- What you need to do -
From the line containing "Drivers have the" through the last line of the data, both ends included, write out every line exactly; omit the pictures.

- Given material -
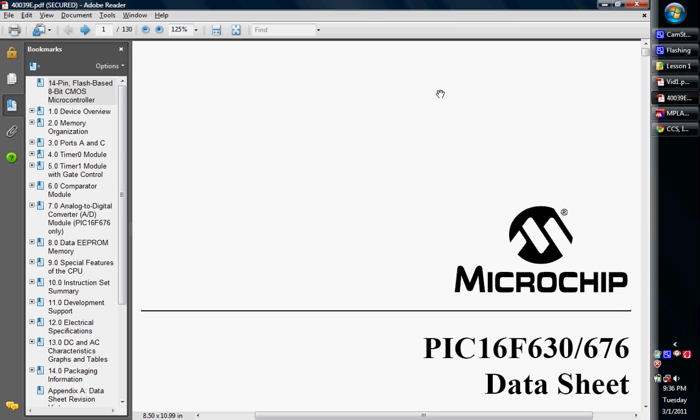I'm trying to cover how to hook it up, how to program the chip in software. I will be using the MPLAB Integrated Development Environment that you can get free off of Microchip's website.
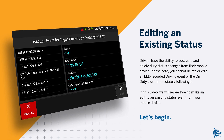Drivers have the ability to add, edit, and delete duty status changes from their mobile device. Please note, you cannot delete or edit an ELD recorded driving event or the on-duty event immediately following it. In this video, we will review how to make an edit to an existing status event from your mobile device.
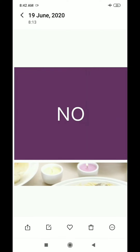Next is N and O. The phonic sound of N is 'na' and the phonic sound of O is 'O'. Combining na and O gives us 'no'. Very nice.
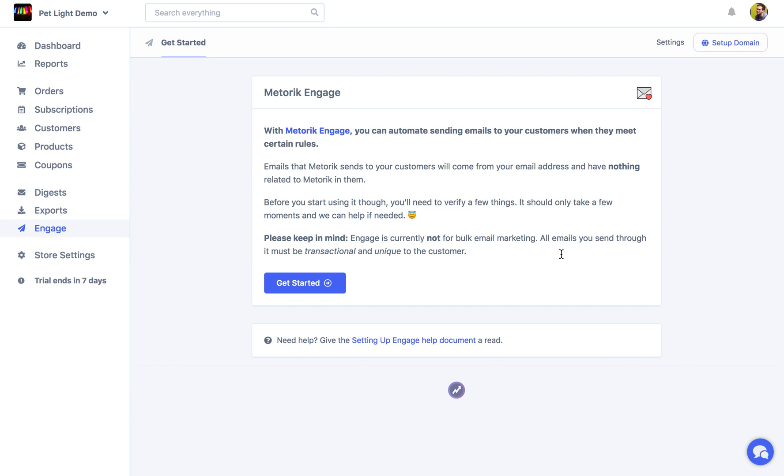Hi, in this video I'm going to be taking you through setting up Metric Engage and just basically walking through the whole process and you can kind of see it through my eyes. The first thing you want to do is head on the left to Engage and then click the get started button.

- Result below -
Drivers have the ability to add, edit, and delete duty status changes from their mobile device. Please note, you cannot delete or edit an ELD recorded driving event or the on-duty event immediately following it. In this video, we will review how to make an edit to an existing status event from your mobile device.
Next is N and O. The phonic sound of N is 'na' and the phonic sound of O is 'O'. Combining na and O gives us 'no'. Very nice.
Hi, in this video I'm going to be taking you through setting up Metric Engage and just basically walking through the whole process and you can kind of see it through my eyes. The first thing you want to do is head on the left to Engage and then click the get started button.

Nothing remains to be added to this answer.